■ Goal of the exercise ■
The lines to extract run from the first line of the entries through the line that contains "Хетчбек Nissan Leaf 2023 в Дніпрі"; reproduce exactly those lines and no others.

■ Listed entries ■
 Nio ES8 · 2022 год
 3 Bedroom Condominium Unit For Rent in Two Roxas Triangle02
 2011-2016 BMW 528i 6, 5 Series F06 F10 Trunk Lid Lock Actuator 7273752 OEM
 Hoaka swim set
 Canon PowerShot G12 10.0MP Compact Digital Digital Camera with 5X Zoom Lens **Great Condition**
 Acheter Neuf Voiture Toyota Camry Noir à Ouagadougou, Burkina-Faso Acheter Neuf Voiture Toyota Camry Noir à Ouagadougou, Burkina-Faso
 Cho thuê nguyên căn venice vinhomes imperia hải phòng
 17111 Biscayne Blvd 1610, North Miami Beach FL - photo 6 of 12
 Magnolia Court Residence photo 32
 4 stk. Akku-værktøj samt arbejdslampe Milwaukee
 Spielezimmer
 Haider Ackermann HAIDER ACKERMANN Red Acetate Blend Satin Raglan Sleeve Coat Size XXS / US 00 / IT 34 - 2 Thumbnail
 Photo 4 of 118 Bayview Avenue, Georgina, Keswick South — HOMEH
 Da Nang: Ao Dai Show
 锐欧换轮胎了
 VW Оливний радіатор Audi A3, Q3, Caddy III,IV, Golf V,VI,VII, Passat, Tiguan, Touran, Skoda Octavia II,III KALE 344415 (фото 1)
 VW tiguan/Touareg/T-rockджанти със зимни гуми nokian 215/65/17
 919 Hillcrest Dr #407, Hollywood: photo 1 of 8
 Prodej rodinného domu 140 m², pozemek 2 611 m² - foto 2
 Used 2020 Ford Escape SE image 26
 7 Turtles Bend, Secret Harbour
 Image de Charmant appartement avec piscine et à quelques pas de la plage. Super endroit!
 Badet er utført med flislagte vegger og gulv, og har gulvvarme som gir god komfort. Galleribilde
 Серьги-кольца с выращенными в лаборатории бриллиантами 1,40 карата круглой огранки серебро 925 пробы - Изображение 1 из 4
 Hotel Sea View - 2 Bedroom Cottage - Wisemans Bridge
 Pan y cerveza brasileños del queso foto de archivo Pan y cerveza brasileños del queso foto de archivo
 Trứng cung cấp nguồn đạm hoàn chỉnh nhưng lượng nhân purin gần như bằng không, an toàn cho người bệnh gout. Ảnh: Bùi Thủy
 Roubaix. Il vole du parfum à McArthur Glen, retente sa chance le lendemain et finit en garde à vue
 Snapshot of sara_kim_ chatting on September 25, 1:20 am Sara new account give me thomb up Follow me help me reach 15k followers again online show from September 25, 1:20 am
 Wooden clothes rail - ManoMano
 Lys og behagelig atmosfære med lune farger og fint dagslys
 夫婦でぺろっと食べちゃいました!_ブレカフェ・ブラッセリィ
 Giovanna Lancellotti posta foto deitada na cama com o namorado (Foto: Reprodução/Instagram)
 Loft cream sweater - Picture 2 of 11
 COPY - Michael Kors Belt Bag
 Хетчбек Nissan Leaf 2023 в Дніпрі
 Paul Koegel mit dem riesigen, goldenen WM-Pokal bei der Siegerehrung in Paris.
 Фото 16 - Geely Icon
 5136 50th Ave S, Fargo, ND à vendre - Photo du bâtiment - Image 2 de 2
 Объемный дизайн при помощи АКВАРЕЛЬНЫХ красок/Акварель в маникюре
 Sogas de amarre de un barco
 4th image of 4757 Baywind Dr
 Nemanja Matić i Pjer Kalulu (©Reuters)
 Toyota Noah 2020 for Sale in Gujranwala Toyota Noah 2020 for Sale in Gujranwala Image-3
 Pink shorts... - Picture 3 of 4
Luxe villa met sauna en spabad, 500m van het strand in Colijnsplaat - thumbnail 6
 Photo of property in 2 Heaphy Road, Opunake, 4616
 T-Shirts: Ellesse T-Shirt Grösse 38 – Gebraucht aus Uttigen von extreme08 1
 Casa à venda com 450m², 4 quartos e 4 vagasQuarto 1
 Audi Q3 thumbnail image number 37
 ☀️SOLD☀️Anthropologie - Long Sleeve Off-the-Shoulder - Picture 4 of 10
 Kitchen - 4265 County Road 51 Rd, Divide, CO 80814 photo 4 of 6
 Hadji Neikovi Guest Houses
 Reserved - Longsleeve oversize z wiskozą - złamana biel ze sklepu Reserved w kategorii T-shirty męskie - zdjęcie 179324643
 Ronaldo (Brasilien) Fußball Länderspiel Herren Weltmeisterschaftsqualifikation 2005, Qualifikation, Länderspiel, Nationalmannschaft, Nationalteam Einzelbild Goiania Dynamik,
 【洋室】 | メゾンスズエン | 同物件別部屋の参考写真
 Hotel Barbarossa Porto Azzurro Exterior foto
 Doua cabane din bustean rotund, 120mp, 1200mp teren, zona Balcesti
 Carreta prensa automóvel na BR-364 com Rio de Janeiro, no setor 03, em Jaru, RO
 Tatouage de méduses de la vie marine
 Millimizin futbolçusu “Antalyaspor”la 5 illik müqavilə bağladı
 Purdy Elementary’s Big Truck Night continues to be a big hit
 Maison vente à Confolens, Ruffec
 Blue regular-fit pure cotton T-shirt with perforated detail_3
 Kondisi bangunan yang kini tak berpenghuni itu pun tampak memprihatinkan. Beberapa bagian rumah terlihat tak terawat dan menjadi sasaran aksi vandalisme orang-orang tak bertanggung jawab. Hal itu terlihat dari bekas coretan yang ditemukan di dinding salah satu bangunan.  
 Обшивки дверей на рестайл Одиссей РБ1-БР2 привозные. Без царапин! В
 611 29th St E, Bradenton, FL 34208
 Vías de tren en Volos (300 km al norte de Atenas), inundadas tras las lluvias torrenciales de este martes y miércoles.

■ Exercise answer ■
 Nio ES8 · 2022 год
 3 Bedroom Condominium Unit For Rent in Two Roxas Triangle02
 2011-2016 BMW 528i 6, 5 Series F06 F10 Trunk Lid Lock Actuator 7273752 OEM
 Hoaka swim set
 Canon PowerShot G12 10.0MP Compact Digital Digital Camera with 5X Zoom Lens **Great Condition**
 Acheter Neuf Voiture Toyota Camry Noir à Ouagadougou, Burkina-Faso Acheter Neuf Voiture Toyota Camry Noir à Ouagadougou, Burkina-Faso
 Cho thuê nguyên căn venice vinhomes imperia hải phòng
 17111 Biscayne Blvd 1610, North Miami Beach FL - photo 6 of 12
 Magnolia Court Residence photo 32
 4 stk. Akku-værktøj samt arbejdslampe Milwaukee
 Spielezimmer
 Haider Ackermann HAIDER ACKERMANN Red Acetate Blend Satin Raglan Sleeve Coat Size XXS / US 00 / IT 34 - 2 Thumbnail
 Photo 4 of 118 Bayview Avenue, Georgina, Keswick South — HOMEH
 Da Nang: Ao Dai Show
 锐欧换轮胎了
 VW Оливний радіатор Audi A3, Q3, Caddy III,IV, Golf V,VI,VII, Passat, Tiguan, Touran, Skoda Octavia II,III KALE 344415 (фото 1)
 VW tiguan/Touareg/T-rockджанти със зимни гуми nokian 215/65/17
 919 Hillcrest Dr #407, Hollywood: photo 1 of 8
 Prodej rodinného domu 140 m², pozemek 2 611 m² - foto 2
 Used 2020 Ford Escape SE image 26
 7 Turtles Bend, Secret Harbour
 Image de Charmant appartement avec piscine et à quelques pas de la plage. Super endroit!
 Badet er utført med flislagte vegger og gulv, og har gulvvarme som gir god komfort. Galleribilde
 Серьги-кольца с выращенными в лаборатории бриллиантами 1,40 карата круглой огранки серебро 925 пробы - Изображение 1 из 4
 Hotel Sea View - 2 Bedroom Cottage - Wisemans Bridge
 Pan y cerveza brasileños del queso foto de archivo Pan y cerveza brasileños del queso foto de archivo
 Trứng cung cấp nguồn đạm hoàn chỉnh nhưng lượng nhân purin gần như bằng không, an toàn cho người bệnh gout. Ảnh: Bùi Thủy
 Roubaix. Il vole du parfum à McArthur Glen, retente sa chance le lendemain et finit en garde à vue
 Snapshot of sara_kim_ chatting on September 25, 1:20 am Sara new account give me thomb up Follow me help me reach 15k followers again online show from September 25, 1:20 am
 Wooden clothes rail - ManoMano
 Lys og behagelig atmosfære med lune farger og fint dagslys
 夫婦でぺろっと食べちゃいました!_ブレカフェ・ブラッセリィ
 Giovanna Lancellotti posta foto deitada na cama com o namorado (Foto: Reprodução/Instagram)
 Loft cream sweater - Picture 2 of 11
 COPY - Michael Kors Belt Bag
 Хетчбек Nissan Leaf 2023 в Дніпрі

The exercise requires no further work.